Data for review =>
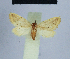  ( - BC ZSM Lep 54740)  @11 [ ] CreativeCommons - Attribution Non-Commercial Share-Alike (2014) Axel Hausmann/Bavarian State Collection of Zoology (ZSM) SNSB, Zoologische Staatssammlung Muenchen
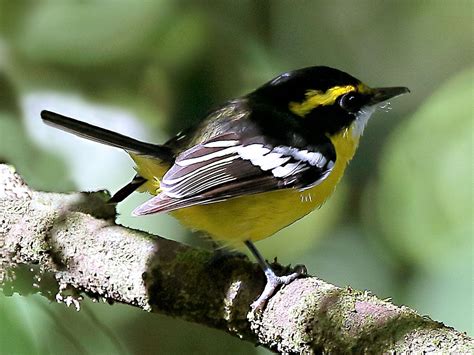 Yellow Breasted Boatbill Machaerirhynchus Flaviventer By Graham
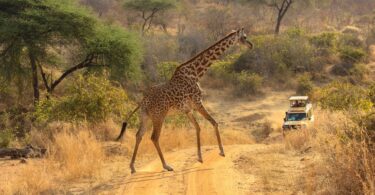 africa safari for beginners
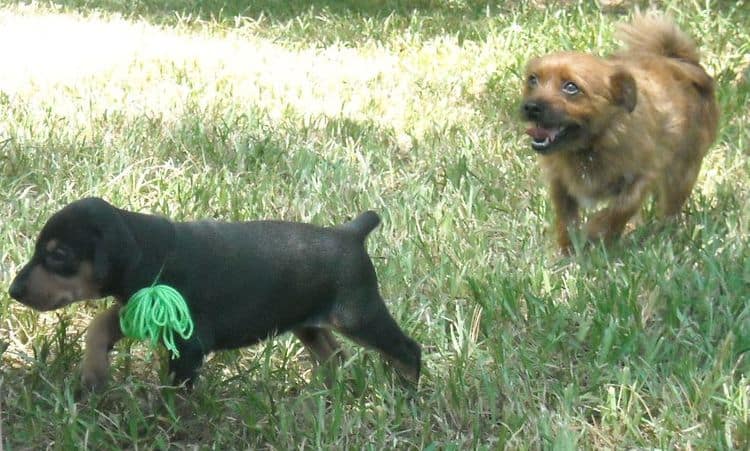 4 week old dobie pups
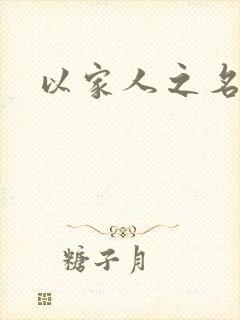 以家人之名小说
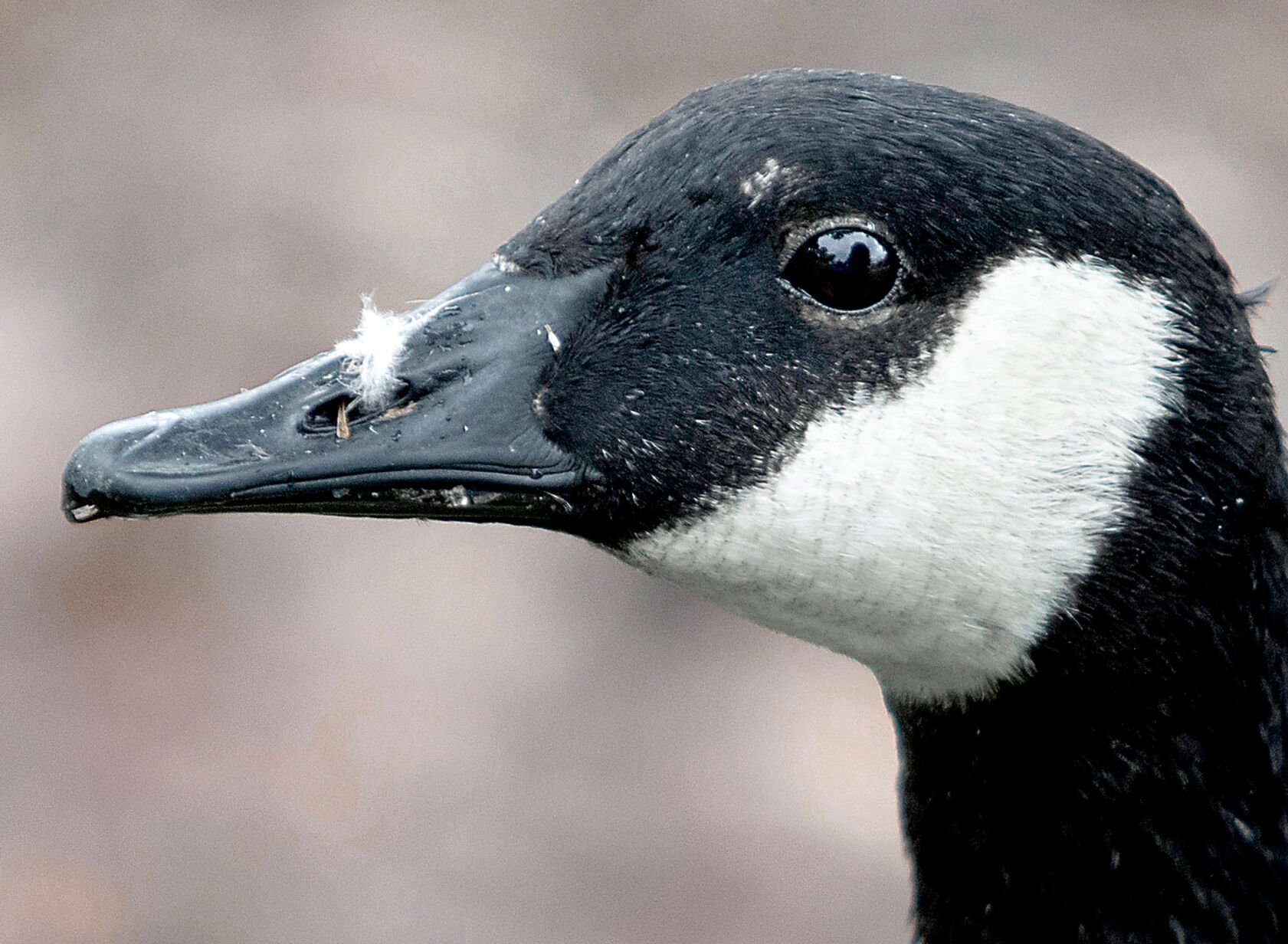 Canada goose hotsell red deer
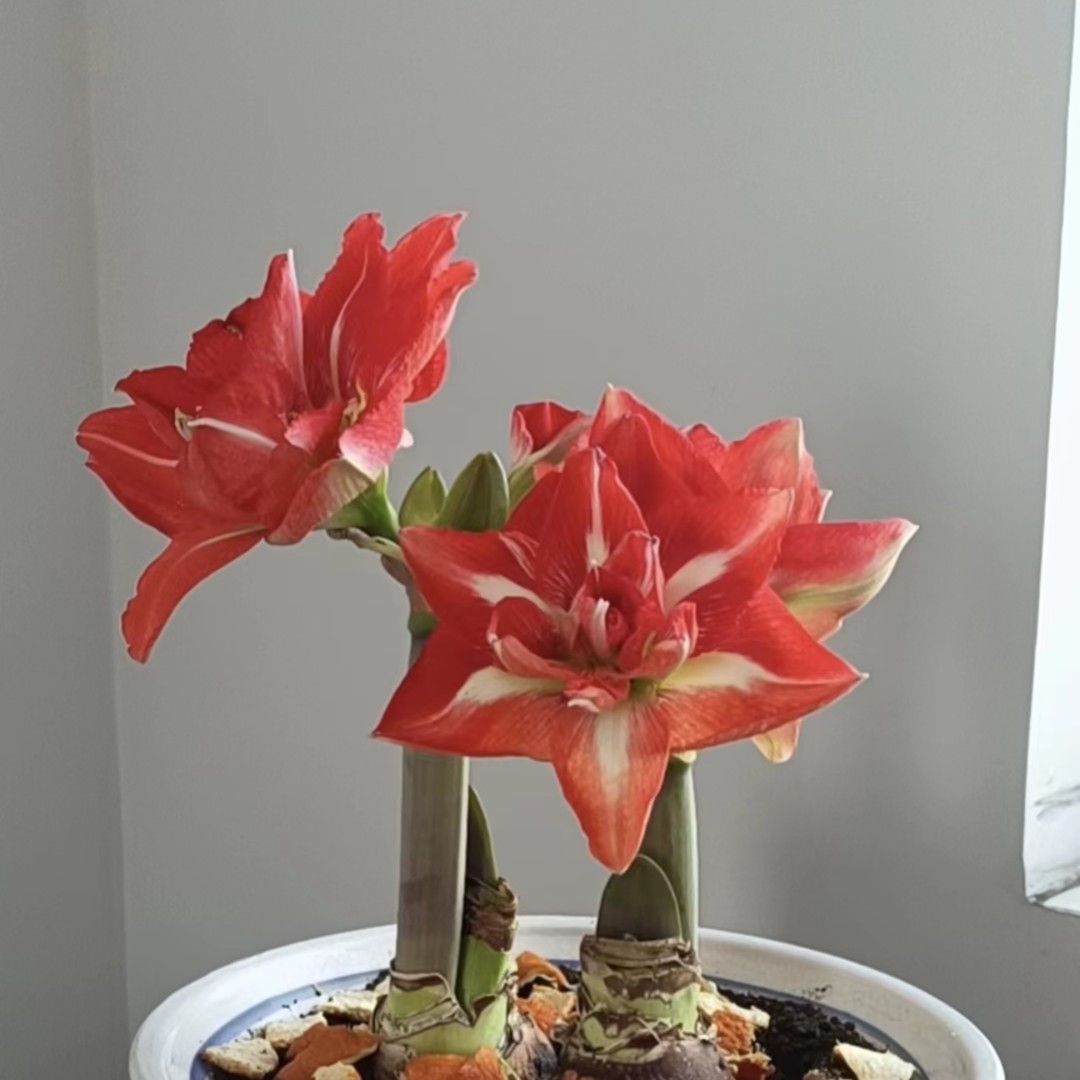 快乐仙女种球荷兰进口朱顶红当年开花绿植花卉盆栽春季四季栽培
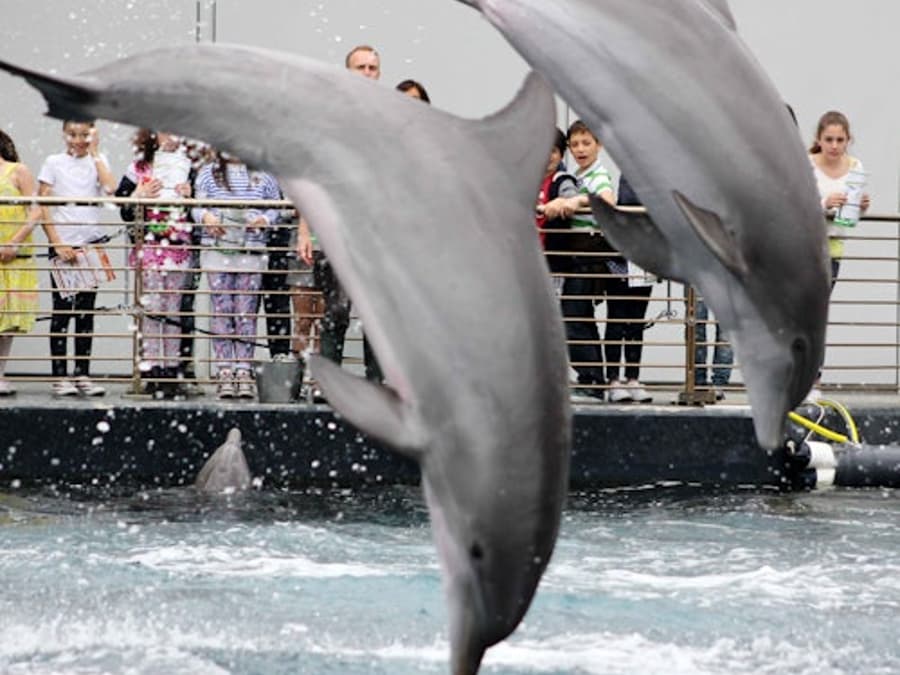 Aquarium of Genoa: Entry Ticket + Lunch or Breakfast
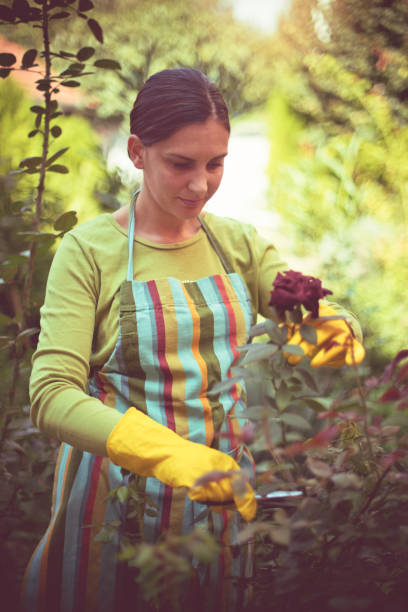 istock Woman gardening in back yard. 1314904776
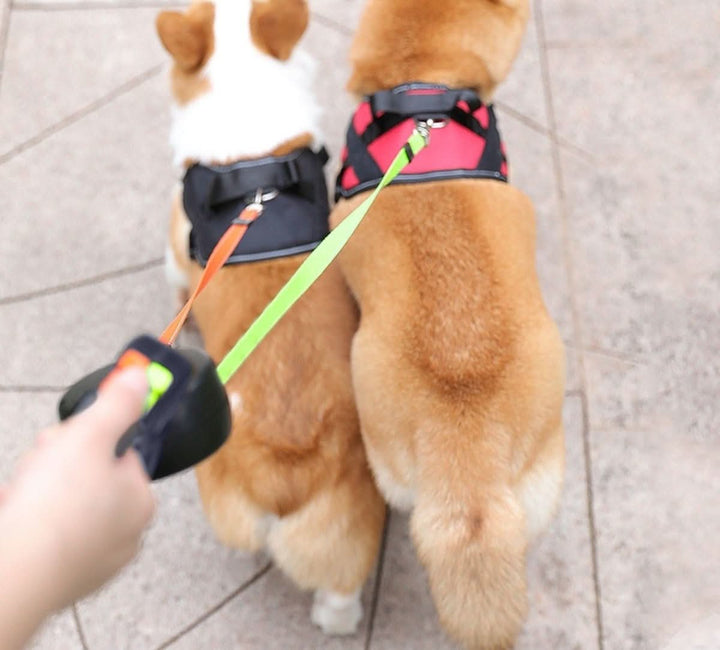 BowLift | PROPET DUO – Retractable leash for two dogs with LED light for safe walks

Directions =>
Each line from the one holding "4 week old dobie pups" to the end of the records above must be copied exactly; the pictures must not be copied.

Answer to this task =>
 4 week old dobie pups
 以家人之名小说
 Canada goose hotsell red deer
 快乐仙女种球荷兰进口朱顶红当年开花绿植花卉盆栽春季四季栽培
 Aquarium of Genoa: Entry Ticket + Lunch or Breakfast
 istock Woman gardening in back yard. 1314904776
 BowLift | PROPET DUO – Retractable leash for two dogs with LED light for safe walks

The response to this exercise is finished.